As I dug into it more and more and more, I realized that they'd done such a good job at building the foundation of this machine that can take groceries from one store to the person. But what's left was that experience, that immersive experience that when you get to the grocery store, you can feel the products, you can see the things, and they jump into your taste buds. Instacart was lacking that. So for me, the challenge was, could I build the team around creating that? Can I make Instacart an incredible experience that people can go to and immerse themselves in products and find those food items that can nourish their family and supply that bit of something that they really need in a convenient, fast way?

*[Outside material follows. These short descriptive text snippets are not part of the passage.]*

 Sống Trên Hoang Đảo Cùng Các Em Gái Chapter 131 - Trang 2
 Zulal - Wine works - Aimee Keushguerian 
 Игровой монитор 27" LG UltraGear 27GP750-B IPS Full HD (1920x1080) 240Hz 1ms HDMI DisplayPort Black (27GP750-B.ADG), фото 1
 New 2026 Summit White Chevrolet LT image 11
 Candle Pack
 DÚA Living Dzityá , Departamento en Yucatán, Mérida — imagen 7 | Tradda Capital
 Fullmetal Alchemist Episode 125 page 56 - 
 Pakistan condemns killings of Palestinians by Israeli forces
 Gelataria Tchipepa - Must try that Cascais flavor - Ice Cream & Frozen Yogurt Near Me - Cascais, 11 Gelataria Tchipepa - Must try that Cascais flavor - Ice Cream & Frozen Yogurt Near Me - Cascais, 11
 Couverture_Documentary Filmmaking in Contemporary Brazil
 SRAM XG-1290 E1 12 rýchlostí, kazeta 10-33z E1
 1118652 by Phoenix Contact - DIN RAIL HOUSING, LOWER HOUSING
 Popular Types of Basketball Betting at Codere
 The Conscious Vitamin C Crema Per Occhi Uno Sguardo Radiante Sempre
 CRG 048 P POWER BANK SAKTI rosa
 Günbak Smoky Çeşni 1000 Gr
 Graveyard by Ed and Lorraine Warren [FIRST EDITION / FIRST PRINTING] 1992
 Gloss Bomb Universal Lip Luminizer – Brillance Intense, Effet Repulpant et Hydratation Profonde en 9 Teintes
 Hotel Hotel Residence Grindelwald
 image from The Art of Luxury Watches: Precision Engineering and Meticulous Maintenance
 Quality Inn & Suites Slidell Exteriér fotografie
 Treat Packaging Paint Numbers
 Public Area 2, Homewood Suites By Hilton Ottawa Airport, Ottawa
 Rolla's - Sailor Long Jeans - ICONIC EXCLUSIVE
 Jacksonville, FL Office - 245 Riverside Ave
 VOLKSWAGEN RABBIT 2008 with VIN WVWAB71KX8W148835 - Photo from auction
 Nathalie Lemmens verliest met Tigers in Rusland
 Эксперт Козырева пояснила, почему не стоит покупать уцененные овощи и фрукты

So that's the short story of that. But part of it was also ... A couple years ago when we were busy with Hornet, that company ... We were super busy, and we were trying to figure out how to optimize our life. So my wife and I put together this little database based on recipes that we eat often. What it did was, it basically spit out a grocery list off of those recipes. What I realized is that we almost halved our grocery list by being very specific with what we buy. That's just a little seed that was planted a few years before this even became a reality. So when I saw the Instacart opportunity, all of that came rushing back. So yeah.
Carl Smith: Was this a position that was open, or did you reach out to them just to say that you were interested in working with them? How did the connection happen?
Mitchell Geere: It was a position that was open. I didn't actually know it was open until they reached out to me. Yeah, I think just a few months prior, they had had a leadership change in the design group. It was open for a little while. They'd been searching for someone for a few months. They just couldn't quite find a fit. I guess I happened to be there at the right time and the right place, and I happened to be a fit with the team. I'll have to check with the team, though. I might be wrong.
Carl Smith: You loved the product. You used it and you saw that it was functional, but that it had so much that it could add to the experience. How could they say no? If you come in and you got the chops and that attitude, it would be pretty hard to turn you away.
So you get in and you get yourself acclimated in those first couple of weeks. Then how do you lay out your plan to start improving the experience?
Mitchell Geere: I think it's still not quite there yet. It's one of those things that-
Carl Smith: Well, it's only been nine months. Give yourself a year.
Mitchell Geere: Exactly, yeah. I think that the first thing is just really understanding the drivers of the business. 'Cause from the outside, everything looks simple enough. But we're a four-sided marketplace, if you think about it. We have partners on the one side, which is our CPGs like Procter-Gamble, those kind of folks. On the other side, we have retailers like Albertsons, Krogers, those kinds of things. Then we have shoppers, the people who fill out orders. Then we have the consumers, the folks who ultimately buy these products. So just understanding the dynamic between those things, then thinking about what the flywheel is, essentially, of the business. What drives what to make this business move forward?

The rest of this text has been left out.